Little known MBE facts: In growth rate

Faebian Bastiman

InGaAs QW and InAs QDs are popular active regions in opto-electronic devices. In Little Known MBE facts: RHEED oscillations (2) a concept was introduced to establish the In growth rate from a known Ga growth rate but what about an accurate and independent determination of the In growth rate? Well, conveniently there are several options.

The first method is simple. All you need is a rather expensive InAs(100) substrate and its lattice parameter: 6.05840 Å. RHEED oscillations can be performed for In on InAs in an identical manner as for Ga on GaAs. The required As flux for maximum RHEED oscillations for any given ML/s growth rate should be ~87% the As flux needed for GaAs; this maintains the 1.6:1 ratio on InAs. If you don’t know why read One thing with InAs is that the demand for As over pressure rises significantly with increased substrate temperature. So if you need more than ~1.6:1 it implies that the substrate temperature is too high.

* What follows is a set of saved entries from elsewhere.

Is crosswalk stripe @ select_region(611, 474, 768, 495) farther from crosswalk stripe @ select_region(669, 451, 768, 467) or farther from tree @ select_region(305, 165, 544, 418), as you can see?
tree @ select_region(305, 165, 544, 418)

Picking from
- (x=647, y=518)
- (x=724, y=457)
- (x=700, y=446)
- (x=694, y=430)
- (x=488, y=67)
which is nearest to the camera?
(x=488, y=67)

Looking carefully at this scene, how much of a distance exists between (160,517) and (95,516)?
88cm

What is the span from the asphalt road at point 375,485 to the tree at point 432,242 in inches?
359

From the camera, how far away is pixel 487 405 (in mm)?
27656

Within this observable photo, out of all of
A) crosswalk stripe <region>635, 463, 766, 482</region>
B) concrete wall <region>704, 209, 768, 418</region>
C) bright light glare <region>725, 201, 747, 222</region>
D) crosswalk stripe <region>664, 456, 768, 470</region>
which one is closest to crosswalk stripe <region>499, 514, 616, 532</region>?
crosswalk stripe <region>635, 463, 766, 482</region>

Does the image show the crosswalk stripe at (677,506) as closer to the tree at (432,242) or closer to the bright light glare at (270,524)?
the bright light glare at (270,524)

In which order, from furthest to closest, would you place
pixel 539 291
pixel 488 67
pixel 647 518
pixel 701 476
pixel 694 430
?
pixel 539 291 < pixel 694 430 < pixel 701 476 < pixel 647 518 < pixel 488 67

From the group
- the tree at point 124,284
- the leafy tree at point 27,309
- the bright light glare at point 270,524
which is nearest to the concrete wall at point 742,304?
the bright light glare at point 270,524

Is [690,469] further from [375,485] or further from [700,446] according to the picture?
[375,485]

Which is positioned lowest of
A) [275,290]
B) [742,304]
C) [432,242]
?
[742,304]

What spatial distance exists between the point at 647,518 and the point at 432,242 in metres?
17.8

The second method uses the idea of adding and subtracting RHEED oscillation growth rates for ternaries introduced in Litte Known MBE facts: RHEED oscillations (2). In this way the growth rate of GaAs and InGaAs can be used to find the InAs growth rate. To test, try growing a QW of In0.06Ga0.94As of 10nm total thickness and employ a little maths and logic: In0.06Ga0.94As is effectively 9.4 nm of GaAs and 0.6 nm of InAs deposited at the same time. If you use a GaAs growth rate of 0.94 nm/s (for example), the whole QW should take 10 seconds to grow. An InAs growth rate of 0.6 nm/s will then give you the desired thickness and composition. If not, and you are certain about your GaAs growth rate, the InAs growth rate is wrong. As an added check of composition-thickness, a simple 3QW structure can be grown as shown in Figure 1 (below). The RT PL peak wavelength varies as a function of both InGaAs thickness and composition: e.g. [In] = 6%, 10nm QW should give RT PL ~900nm.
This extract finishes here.